Well, let us finish up this scraping saga. As mentioned in the previous post, trying to scrape content using Java. Ended up using two forgiving parsers and a suite of helpers to get an almost there solution. More times than not, almost there and in the way are the chants in Java cult. The parsers are (in the order of my preference)
- TagSoup – worked quite nicely. Implements a SAX Parser and works with invalid markup quite nicely and ultimately one could get a palatable tree to work with.
- jTidy – is an almost there solution, does not do a good job with invalid markup (which is most of the web)
Then one uses a myriad of X* friends in the Javaland to get the work done, be prepared for them not working all the time for all the input, exceptions somewhere deep in their implementation. (Remember the almost there mantra ;-)

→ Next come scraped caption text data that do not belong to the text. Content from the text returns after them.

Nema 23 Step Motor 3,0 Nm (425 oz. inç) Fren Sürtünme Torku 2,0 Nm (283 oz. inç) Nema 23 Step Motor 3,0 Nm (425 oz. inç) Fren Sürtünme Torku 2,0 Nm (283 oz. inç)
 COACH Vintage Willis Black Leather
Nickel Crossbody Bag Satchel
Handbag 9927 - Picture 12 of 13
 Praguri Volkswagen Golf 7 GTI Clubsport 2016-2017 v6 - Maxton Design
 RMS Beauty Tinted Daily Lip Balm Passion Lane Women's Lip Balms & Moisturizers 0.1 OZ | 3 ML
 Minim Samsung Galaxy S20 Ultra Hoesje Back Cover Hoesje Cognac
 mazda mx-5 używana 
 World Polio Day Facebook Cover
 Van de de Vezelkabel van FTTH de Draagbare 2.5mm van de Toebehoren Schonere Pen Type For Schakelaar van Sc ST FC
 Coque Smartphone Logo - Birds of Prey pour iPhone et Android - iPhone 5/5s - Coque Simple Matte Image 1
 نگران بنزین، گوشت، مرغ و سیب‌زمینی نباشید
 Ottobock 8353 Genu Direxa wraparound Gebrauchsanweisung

- SAX2DOM – Can be used as a ContentHandler for a SAX Parser (TagSoup) and can give us a DOM tree to work with
- XPathAPI – Can be used to jiggle the DOM tree from the previous step
- To Serialize (X)HTML is another matter, try looking up, TransformerFactory.newTransformer(), transformer.transform(..)
Another thing I wonder about these Invalid websites is (particularly of large corporations), that they had spent millions of dollars to get where they are now, costly content management systems, complex document workflows, rocket-science weh page/site construction tools, but if only, they validate and take in content altleast somewhat valid (if there is such a thing)
Finally, I would like to close with a Hats off ! to browser vendors, who consume this Manure and produce Milk!